Problem # 2. Natural Gas Demand
A dramatic structural shift in natural gas demand patterns has masked the enormous decline in natural gas usage for at least the past two years. Electric power usage of gas rose 21% -- or 5.6 bcfpd -- in July to 32.7 bcfpd. The 2 summers were about equally hot. This 5.6 bcfpd increase in power demand more than accounted for a 2-3 bcfpd slowdown in injection rates vs. 5-year averages. Rising supply and/or falling industrial demand account for the 3 bcfpd gap. Increased reliance on gas to meet peak air conditioning requirements will continue for at least the next several years until significant new coal-fired capacity becomes available. Summer gas usage was much stronger than in past years due peak air conditioning, but year-round industrial demand has evaporated -- down 5-6% in the past 2 years and down nearly 30% from its 1997 peak. There is plenty more industrial demand that is vulnerable if gas prices stay high or as capital projects (energy conservation projects or projects that move gas-intensive consumers overseas) that are in the pipeline get completed (they will). Industrial demand was still the largest sector at 36% of gas demand in 2005.
Now that the peak summer demand season – along with structurally higher peak air conditioning demand for natural gas is behind us -- the storage overhang is again expanding. The storage overhang has risen from to 320 bcf 4 weeks ago to 354 bcf. We will likely end the refill season (November 3) at record levels, with an overhang of 300-400 bcf. That excess gas could be more than enough to meet requirements even if the winter is cold. Weak industrial demand, along with flat to rising US production, is likely to exacerbate the oversupply situation.

The Solution: Price Signals Could Be Telling Producers to: (1) Lower Costs and (2) Decrease Supply
Natural gas prices of $4-6/MMBtu in the recent past have not provided sufficient incentives for gas-consuming customers to help work off the overhang in storage. We expect that the supply-demand imbalance will need to be corrected on the supply side. We believe that E&P companies need to lower drilling budgets. A combination of terrible returns in 2006 and falling cash flows are likely to provide the impetus to budget disappointments.
• Capital spending cuts may be signaled on Q3 conference calls. We think that companies will likely provide hints, or that investors will deduce, that cash flow estimates are inadequate to fund aggressive increases in 2007 spending
• 2007 production growth forecasts are likely to moderate over the next 90 days as the market realizes that the companies cannot spend enough money to grow production.
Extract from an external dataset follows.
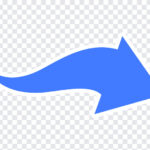 Blue Arrow, Blue, Blue Arrow PNG, PNG Images, Transparent Files, png free, png file,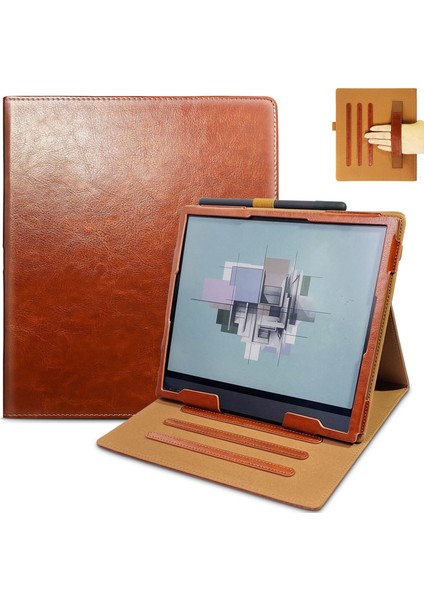 Boox Note Air 3 C / Air 2 / Air 2 Plus Mürekkep Tableti Için Kılıf (Yurt Dışından)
• Production can react quickly if activity is reduced -- but activity needs to slow first. If indeed 30% annual production declines are the norm, the self-corrective mechanism can be quick. A 20% cut in drilling activity would likely lower supply by 1-2 bcfpd within 12 months. A production decrease of this magnitude (2-4%) would be similar to the experience in 2002 when yearover- year production fell 3-4%.
• Overall per-unit costs need to come down – If average energy prices had not risen in 2006 (we estimate that price realizations rose more than 10% to about $46/BOE in 2006) cash flow per share would likely have decreased on average. As a matter of fact cash flows per share rose an average of 2% in 2006 – even after allowing for a 9% change in unit revenues. Companies were unable to grow cash flow per share in 2006 and they need to find a way to finance cash flow per share growth from internally. We expect (1) a “high-grading” process where companies forego drilling their least economic wells; (2) decreased investment in new acreage; (3) decreased spending on areas where economic returns are uncertain and in any case may be years away.

Company Recommendations
While we are lowering our overall sector recommendation, we believe that there are both better and worse places to be invested in the group. Our top picks are NBL, DVN, APA and CNQ. While we retain 1-OW ratings on EOG and XTO, we are concerned that the high gas leverage may cause those shares to lag a bit in the near term despite attractive natural gas hedges (especially in the case of XTO). We retain a 1-OW on TLM as well, but we are concerned that Q3 production is likely to disappoint as a result of UK North Sea and other shortterm issues.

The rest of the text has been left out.